Let’s look into DMC, which combines MC with neural networks. In MC, Q(s, a) is represented by a table. Now, we replace the Q-table with a Q-network, which can be multiple layers of neural networks. Then we use mean-square-error (MSE) loss to update the Q-network in step 2. This leads to the so-called DMC, i.e., a deep version of MC.

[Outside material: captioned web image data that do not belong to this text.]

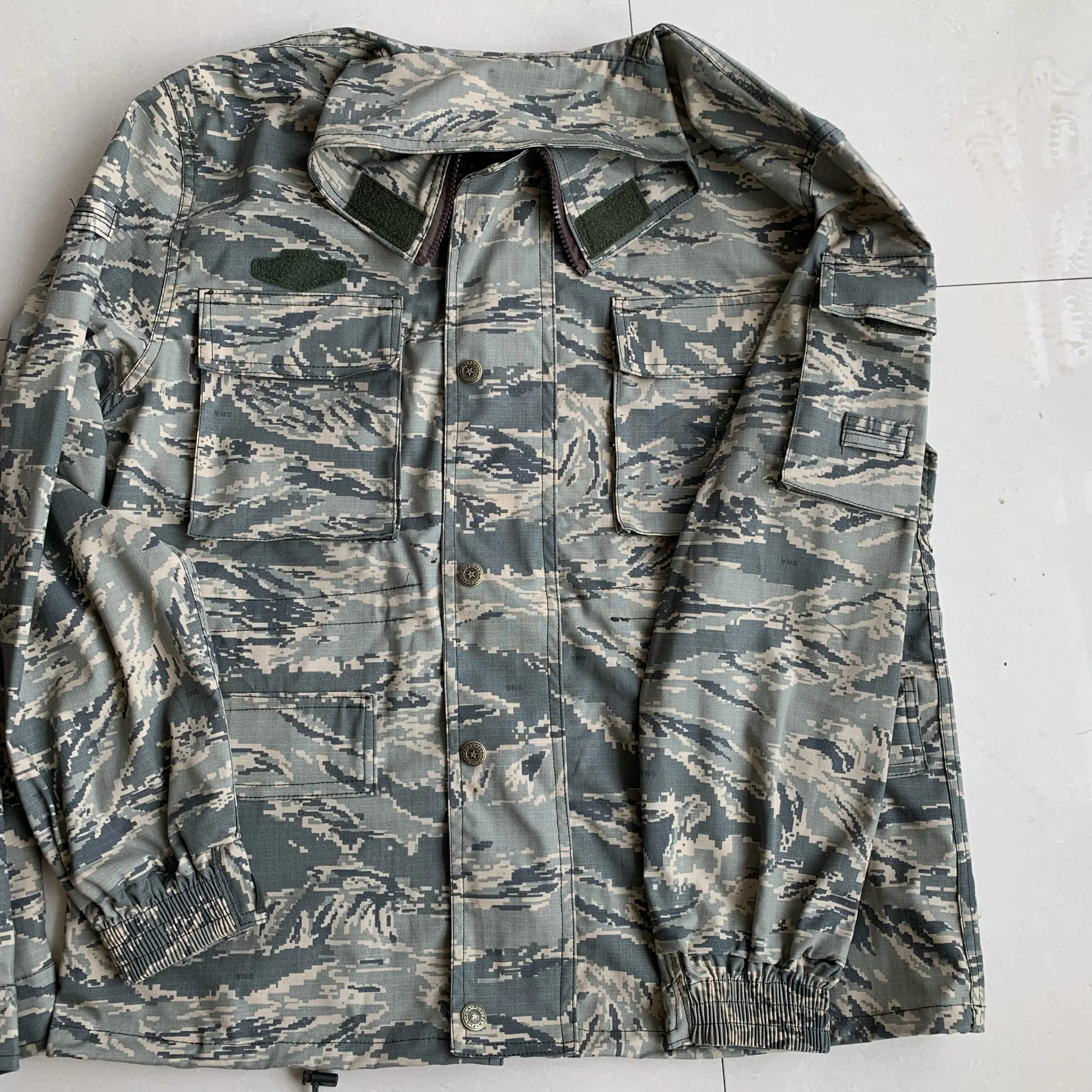 

Новая весенняя куртка и брюки серого цвета с камуфляжным принтом USAF ABU Airman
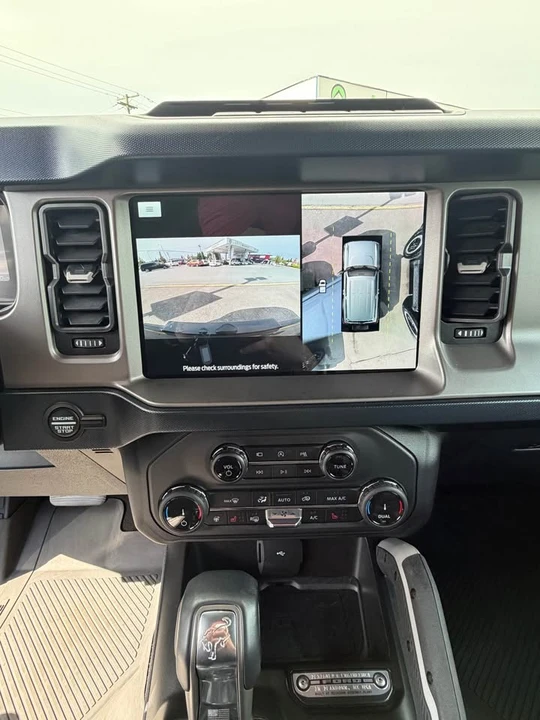 2022 Ford Bronco 6th Gen - Image 12 of 15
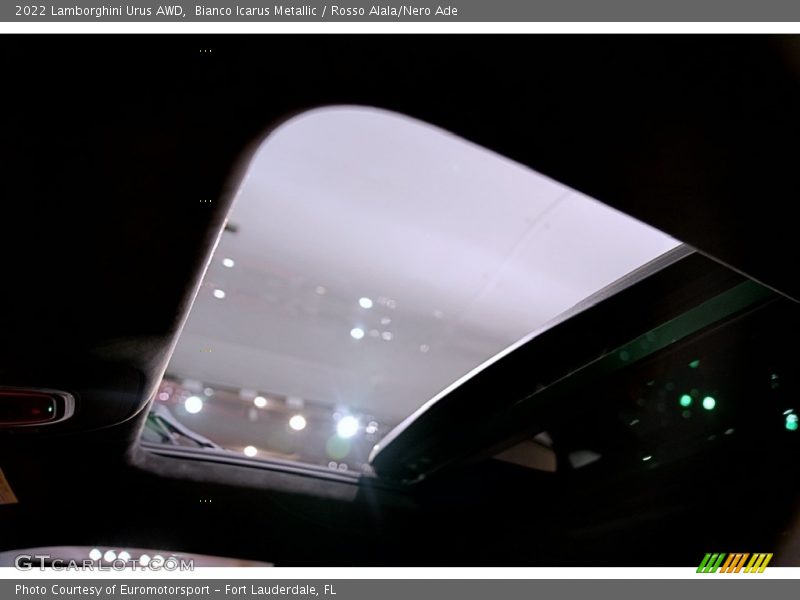 Bianco Icarus Metallic / Rosso Alala/Nero Ade 2022 Lamborghini Urus AWD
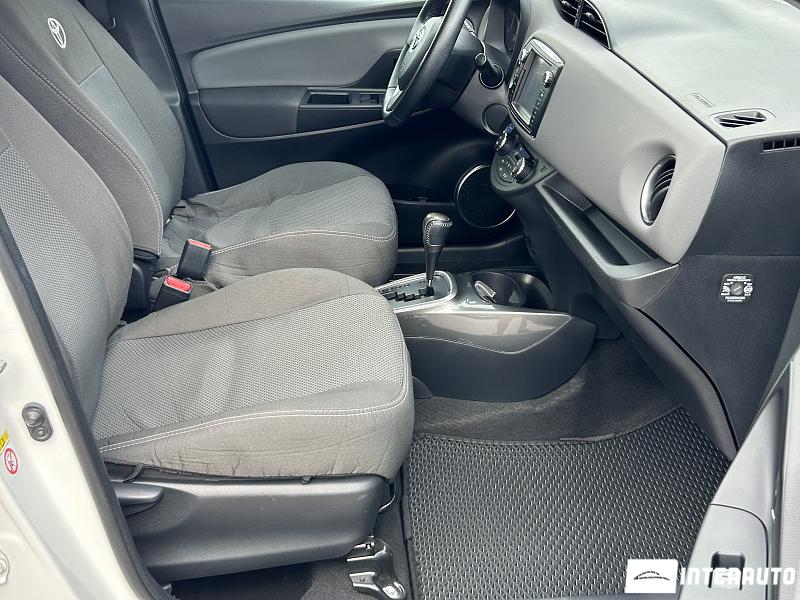 Toyota Yaris 14 toyota yaris 2016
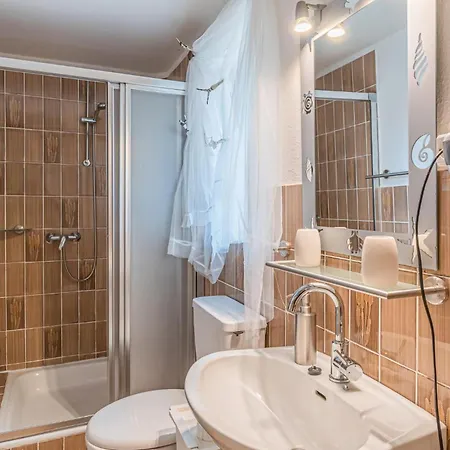 2 Bedroom Lovely In *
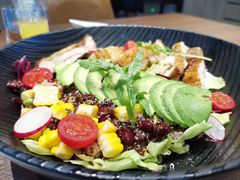 鸡肉牛油果藜麦沙拉（5月上新）-西堤牛排(合肥之心城店)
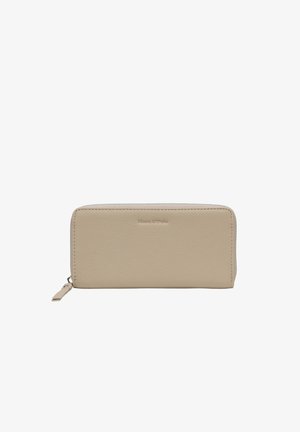 Portefeuille rectangulaire en cuir beige avec fermeture éclair et logo "Marc O'Polo" discrètement embossé sur le devant.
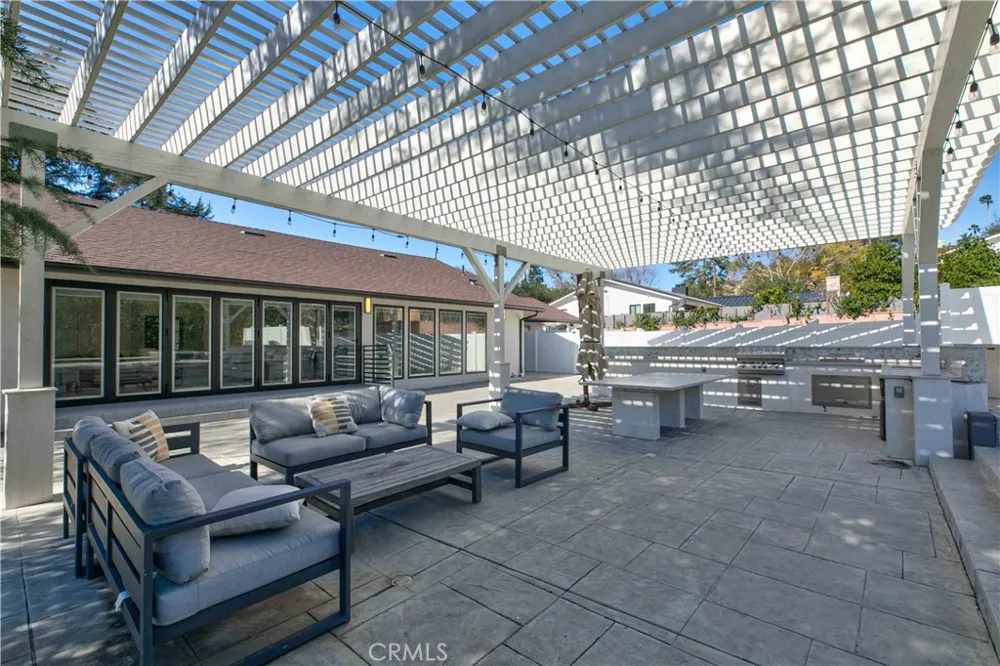 11568 Newcastle Granada Hills, CA 91344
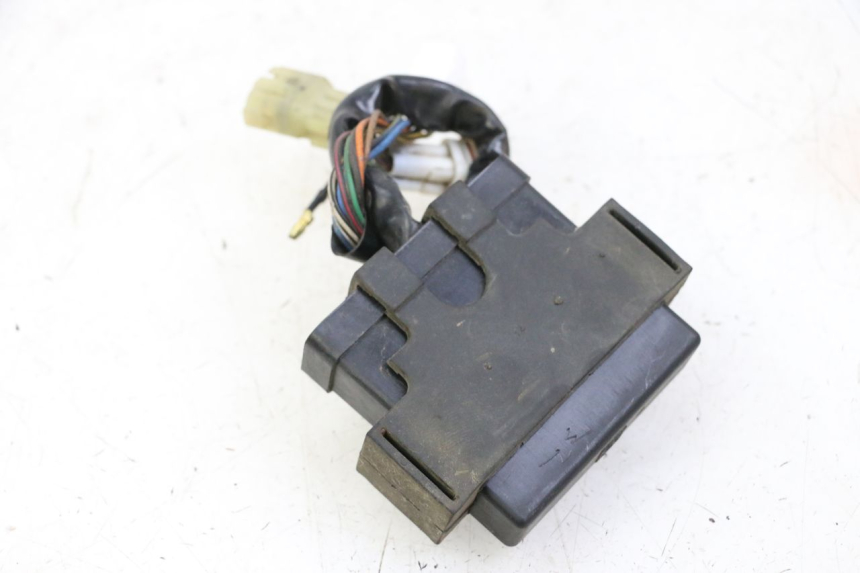 photo de UNIDAD DE CONTROL CDI YAMAHA YP MAJESTY 125 (2002 - 2006)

While MC methods are criticized not to be able to deal with incomplete episodes and believed to be inefficient due to the high variance, the authors found that DMC is very suitable for DouDizhu. On the one hand, DouDizhu is an episodic task so that we do not need to handle incomplete episodes. On the other hand, DMC can be easily parallelized to efficiently generate many samples per second to alleviate the high variance issue. One benefit of DMC is that it can be easily and efficiently accelerated with multiple processes since it is very simple to implement and run. DouZero further enhances DMC with multiple processes and action encoding (I will elebrate later), and surprisingly achieve very strong performance.

Comparison with DQN and Policy Gradient

Deep Q-Learning (DQN) and Policy Gradient (PG) are the most popular reinforcement learning algorithms. Why choosing DMC but not DQN or PG?

In PG, we often use a classifier-like function approximator, where the output scales linearly with the number of actions. However, in DouDizhu, there are 27, 472 possible actions, which make the output very large and hard to train. In practice, there are usually not many legal actions in each turn, and the actions in DouDizhu can be naturally encoded into card matrices. Thus, a more promising way is to take action as input so that we can avoid having 27, 472 actions as the output. Value-based methods can naturally handle this situation since the Q value naturally takes as input the states and the actions.

Similarly, DQN also approximates Q-values. However, implementing DQN in DouDizhu is tricky. DouDizhu has a large set of possible actions, where different subsets of actions will be legal in different turns. The bootstrapping step in DQN relies on a maximum operation, which is computationally expensive and tricky to implement on the variable action space. In addition, DQN may suffer from over-estimation when the action space is large.

In contrast, DMC is very easy to implement and easy to accelerate with multiple processes. Although DMC may suffer from high variance issues, the authors showed it works well in DouDizhu with parallel actors.

Implementing DMC in DouDizhu

Action encoding. Image by Author. Source: https://arxiv.org/abs/2106.06135

The state in DouDizhu includes the hand cards, historical moves, the number of hand cards for other players, and the action is a set of cards. DouZero encodes each card combination into a 15 x 4 matrix. This representation is very general and can be used to represent any cards. DouZero encodes both states and actions into such card matrices.

Neural Architecture. Image by Author. Source: https://arxiv.org/abs/2106.06135

For the neural network, DouZero uses a neural network that encodes historical moves with an LSTM network. Then the output of LSTM is concatenated with other features, which are fed together to six layers of MLP to generate Q values. In each step, we just need to input the state and all the legal actions. The network will predict the Q-values for all the legal actions. and we can choose the largest one.

DouZero uses three different networks for the three positions in DouDizhu with minor differences in the features. Then the authors run 45 actors in parallel in a 4-GPU server for simulating. After days of training, DMC can surprisingly learn very strong policies. The official implementation is here. We have also supported DMC in RLCard project. RLCard is a toolkit for reinforcement learning in card games, currently supporting 8 environments including DouDizhu, and 4 algorithms including DouZero.

Summary

The success of DouZero suggests that classical Monte-Carlo methods with some enhancements can have very strong results in a hard domain — DouDizhu. Monte-Carlo methods are easy to implement and use with very few hyperparameters, yet, they are very powerful. I hope you enjoy the reading, and this insight could help you develop your AI agents and solve other problems. I will go through the codebase of DMC and DouZero in the later posts.